We've depicted our state of exile so far, and projected forward to the great and glorious end when all will be right and in place. We'll soon offer the actual playing out of the redemption itself, but let's first offer Ramchal's stirring words of encouragement extended at the very beginning of "The Great Redemption".

At bottom, his point is simple: Take heart! The Moshiach will come! All will be as had been promised! But let's see how he put it.

Ramchal depicts our people as always having had a motto of sorts throughout the exile, derived from this verse: “Do not rejoice for my sake, my enemy! For though I fell, I arose; when I sit in darkness, G-d (Himself) is my light!” (Micha 7:8).
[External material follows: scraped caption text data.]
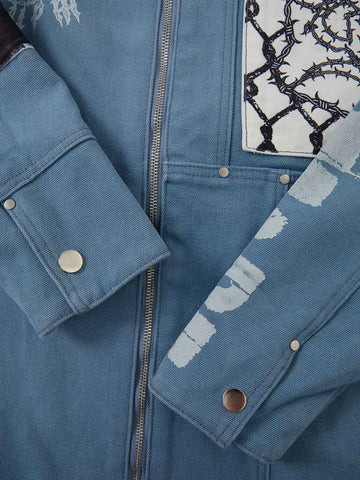 Supermade Multi-Element Appliqué Patchwork Denim Suit - 2593 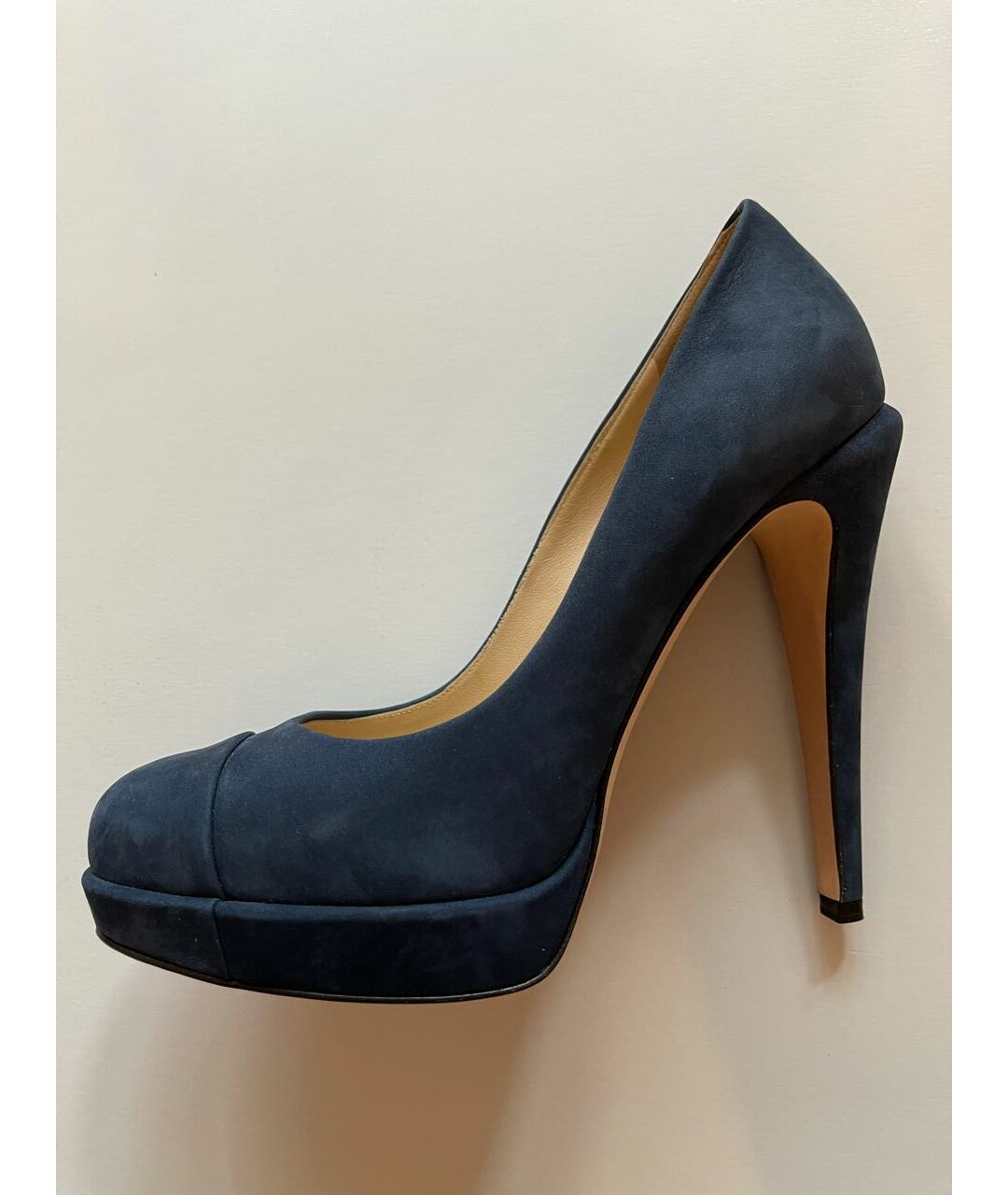 CHANEL PRE-OWNED Темно-синие замшевые туфли, фото 6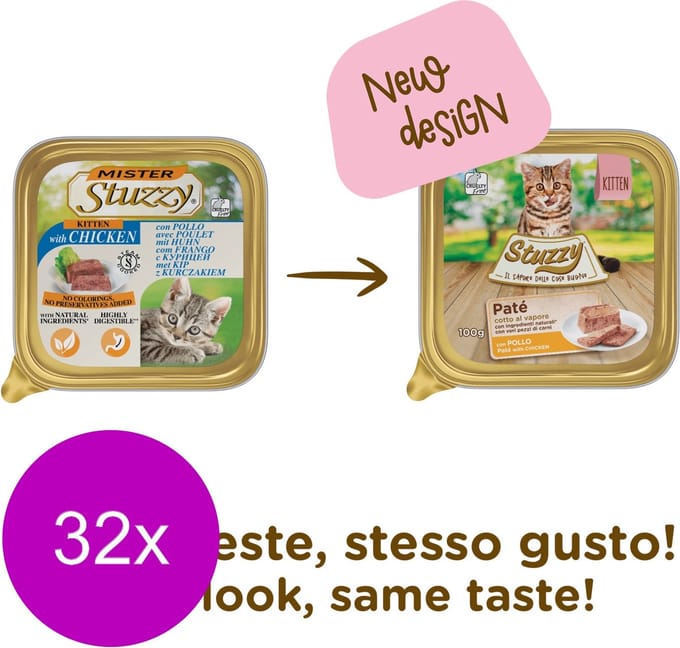32x Stuzzy Kattenvoer Paté Kip 100 gr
For even though "many mighty and prodigious things will have to transpire and a great deal of preparations will have to be made before the redemption can come about", in the end there will indeed come a time when "everyone will see and know for himself that 'G-d has wrought great miracles for us' (Psalms 126:3)".

Nonetheless, despite this attitude there were admittedly times when we "thought that G-d was hiding His countenance from (us) or had forsaken" us. In truth, we're told though, that "He was actually preparing goodness and blessings for (us)" all along! "For each and every moment" in the long course of the exile, G-d "was preparing immeasurably far-reaching and vast storehouses for (us), and setting priceless, precious, and captivating wealth and kingly treasure troves within those storehouses."

And those vast treasurehouses will "be opened up in the great halcyon days to come, when all sorts of exquisite things will cascade out of them and be handed over to the Jewish Nation in recompense for all the arduous things (we) had to endure in exile".

It's clear, though, that Ramchal isn't referring to any sort of material effulgence pouring down upon us from the heavens, since he then says that what G-d had stored was "all *the light* that didn’t shine upon the Jewish Nation for all the years they were in exile that was to have shone had never vanished". Indeed, that's what "will pour out in one fell swoop once (those occult storehouses) are opened". We'll "experience a degree of joy unlike any other" then, "and the world itself will be rectified (and delight in) a state of tranquility and calm" then, too, "and there’ll be no more sorrow".